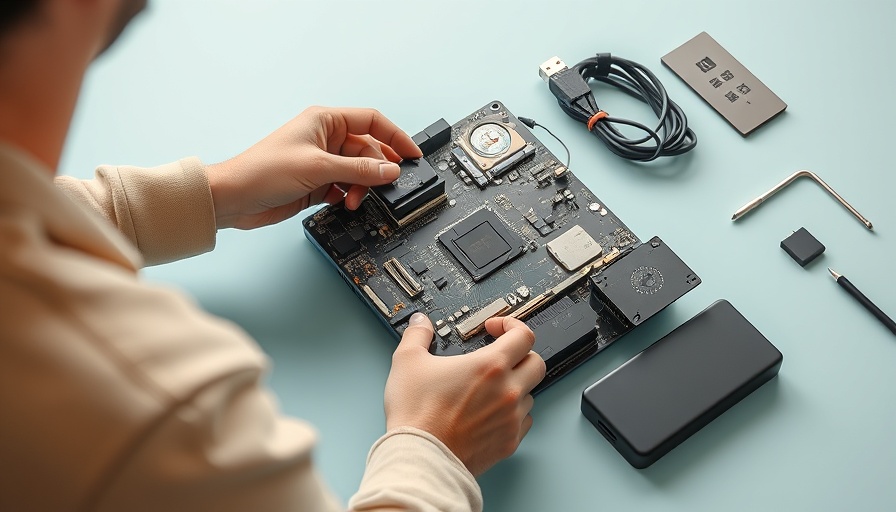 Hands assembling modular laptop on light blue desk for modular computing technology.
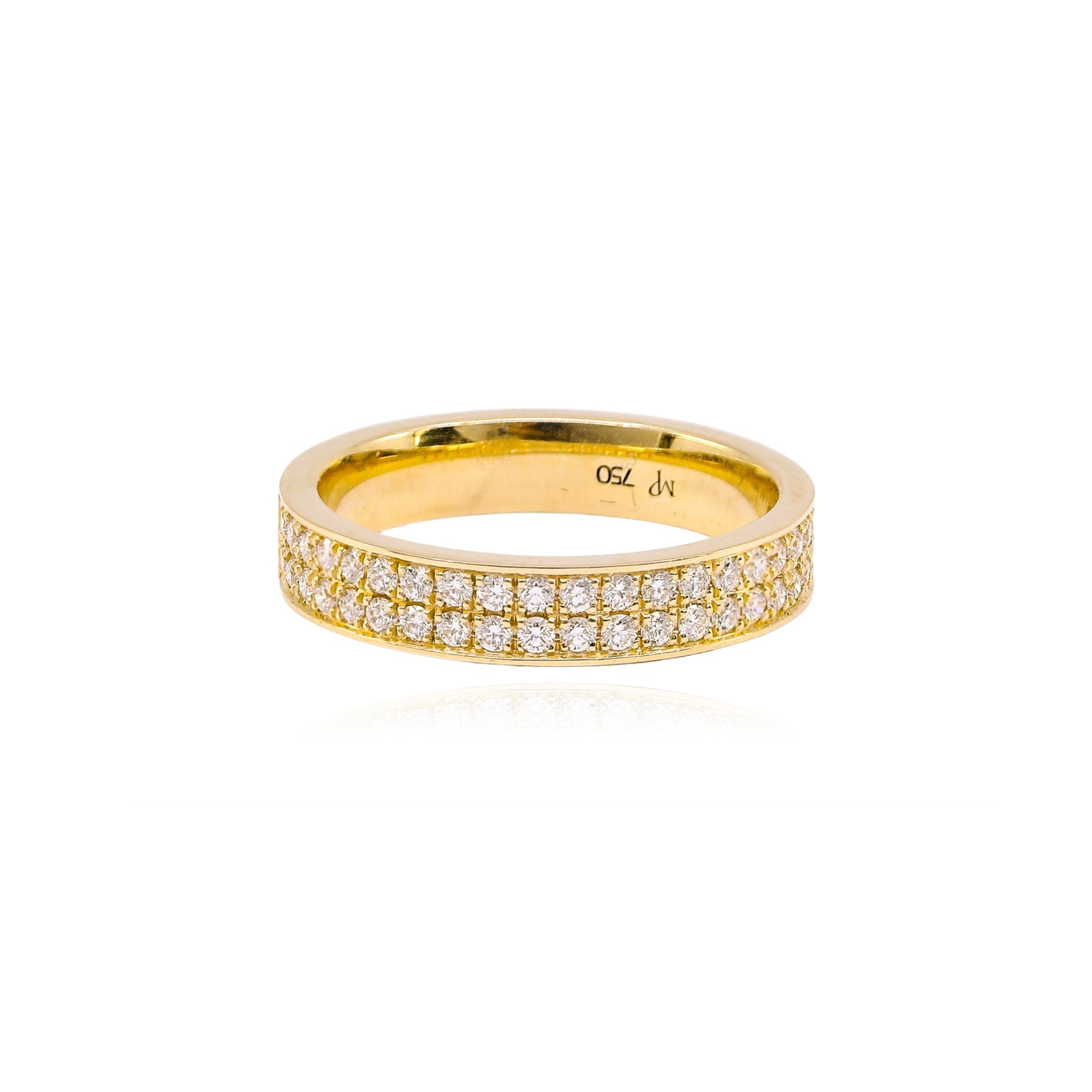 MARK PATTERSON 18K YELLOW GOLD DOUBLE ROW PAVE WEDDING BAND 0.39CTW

====

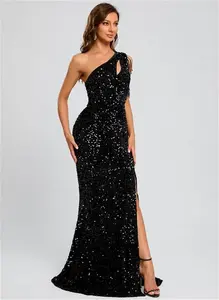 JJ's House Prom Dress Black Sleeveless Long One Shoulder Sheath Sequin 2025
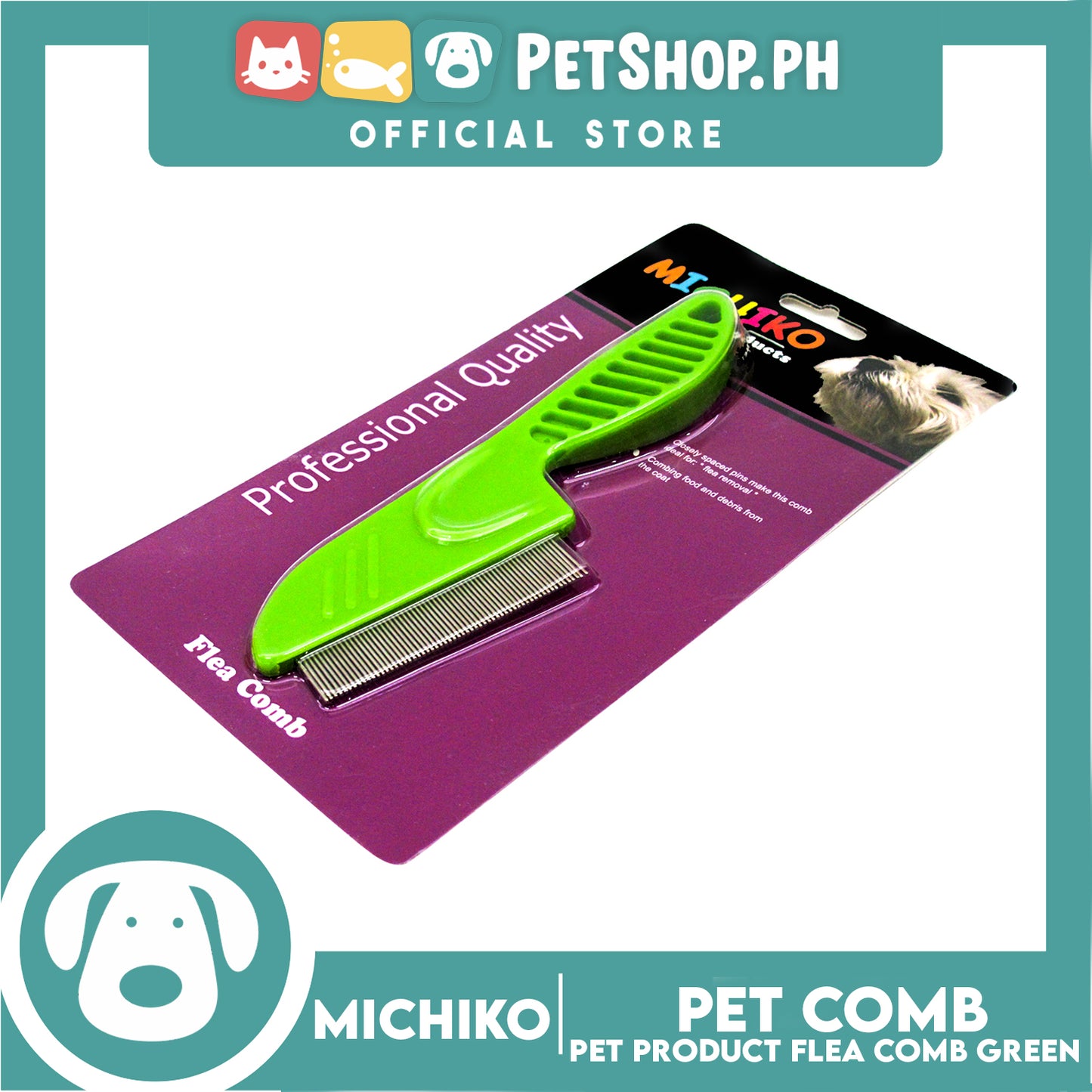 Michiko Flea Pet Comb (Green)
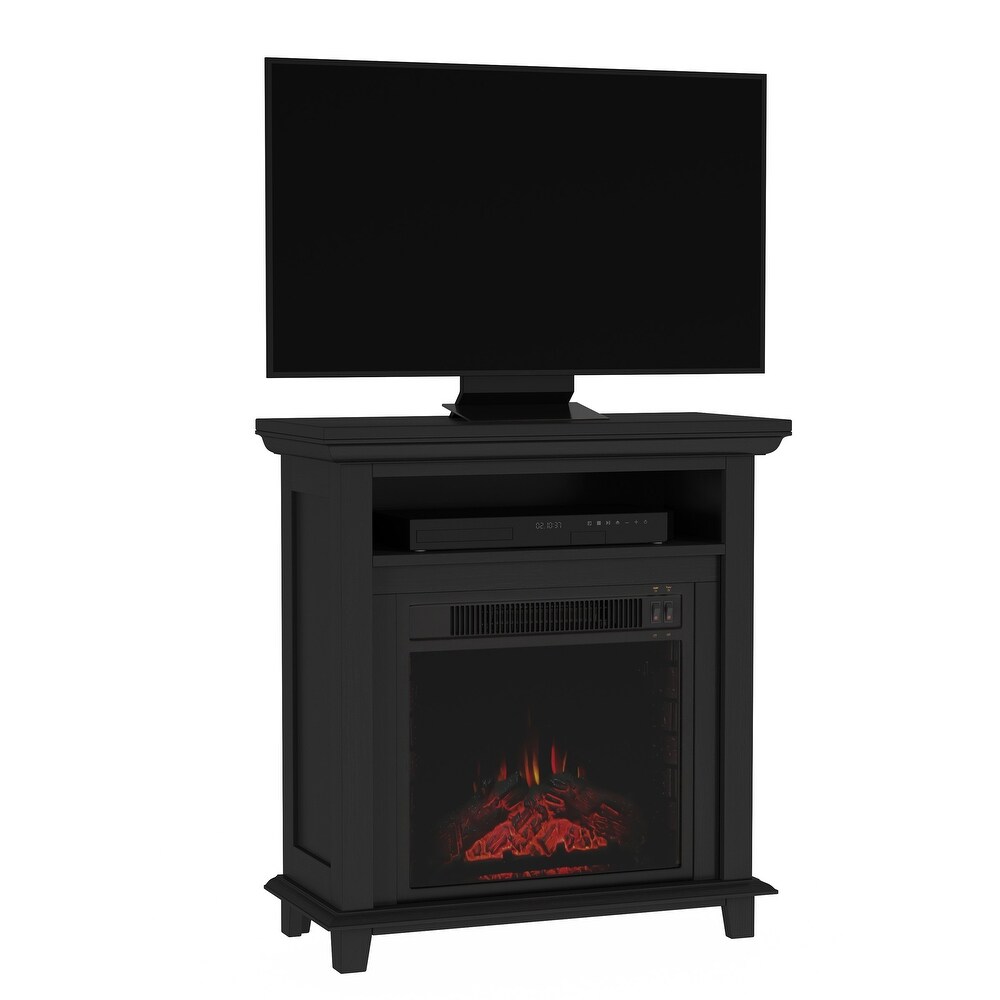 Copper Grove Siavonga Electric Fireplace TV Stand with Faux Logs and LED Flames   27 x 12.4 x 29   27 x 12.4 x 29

====

The lines above from the line with "Hands assembling modular" through the line with "MARK PATTERSON 18K" are to be given again word for word, with no pictures among them.

_Written solution_:
 Hands assembling modular laptop on light blue desk for modular computing technology.
 MARK PATTERSON 18K YELLOW GOLD DOUBLE ROW PAVE WEDDING BAND 0.39CTW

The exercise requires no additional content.